• [AIM OF THE TASK] Where does the string "Blue" appear? Copy every line of the entries below that holds it.

*** Opening MATERIAL FOR THE TASK ***

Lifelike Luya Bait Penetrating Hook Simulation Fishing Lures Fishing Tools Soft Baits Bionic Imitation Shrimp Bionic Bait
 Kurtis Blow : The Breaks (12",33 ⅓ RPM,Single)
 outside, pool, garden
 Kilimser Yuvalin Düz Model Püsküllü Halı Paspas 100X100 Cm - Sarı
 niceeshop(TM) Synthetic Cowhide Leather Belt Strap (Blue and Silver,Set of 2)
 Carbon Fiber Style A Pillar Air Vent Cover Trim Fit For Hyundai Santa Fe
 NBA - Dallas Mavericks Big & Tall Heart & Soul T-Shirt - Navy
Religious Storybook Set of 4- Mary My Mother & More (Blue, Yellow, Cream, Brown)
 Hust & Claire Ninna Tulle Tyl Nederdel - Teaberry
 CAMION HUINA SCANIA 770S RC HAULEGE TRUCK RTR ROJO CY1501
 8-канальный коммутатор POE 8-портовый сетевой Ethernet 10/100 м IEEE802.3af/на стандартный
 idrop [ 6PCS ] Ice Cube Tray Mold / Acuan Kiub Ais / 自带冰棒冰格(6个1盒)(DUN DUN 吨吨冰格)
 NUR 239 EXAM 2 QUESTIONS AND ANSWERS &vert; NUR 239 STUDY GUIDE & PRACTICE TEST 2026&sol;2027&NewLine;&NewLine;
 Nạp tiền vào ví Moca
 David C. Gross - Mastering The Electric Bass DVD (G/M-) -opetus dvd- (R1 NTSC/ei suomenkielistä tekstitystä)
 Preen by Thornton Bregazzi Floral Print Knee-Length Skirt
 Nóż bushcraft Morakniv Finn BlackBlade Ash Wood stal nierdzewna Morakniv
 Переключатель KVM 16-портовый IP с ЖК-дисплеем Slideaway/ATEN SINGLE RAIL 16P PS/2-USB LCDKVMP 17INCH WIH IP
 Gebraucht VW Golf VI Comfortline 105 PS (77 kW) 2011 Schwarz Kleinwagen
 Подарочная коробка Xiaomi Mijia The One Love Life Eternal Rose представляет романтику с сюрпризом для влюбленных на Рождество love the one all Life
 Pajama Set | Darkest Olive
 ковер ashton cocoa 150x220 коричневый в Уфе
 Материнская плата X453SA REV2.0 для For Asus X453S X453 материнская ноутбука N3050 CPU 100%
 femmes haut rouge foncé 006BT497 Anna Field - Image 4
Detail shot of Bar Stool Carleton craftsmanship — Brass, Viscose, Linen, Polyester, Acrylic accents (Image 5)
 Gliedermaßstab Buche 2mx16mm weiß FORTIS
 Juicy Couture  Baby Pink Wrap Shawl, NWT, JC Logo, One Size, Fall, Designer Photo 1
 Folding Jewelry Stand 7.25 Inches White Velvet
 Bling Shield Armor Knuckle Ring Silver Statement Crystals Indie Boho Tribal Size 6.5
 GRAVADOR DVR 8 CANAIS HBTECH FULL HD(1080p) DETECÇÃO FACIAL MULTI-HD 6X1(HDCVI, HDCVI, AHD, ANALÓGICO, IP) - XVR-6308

*** Closing MATERIAL FOR THE TASK ***

• [TASK RESULT]
 niceeshop(TM) Synthetic Cowhide Leather Belt Strap (Blue and Silver,Set of 2)
Religious Storybook Set of 4- Mary My Mother & More (Blue, Yellow, Cream, Brown)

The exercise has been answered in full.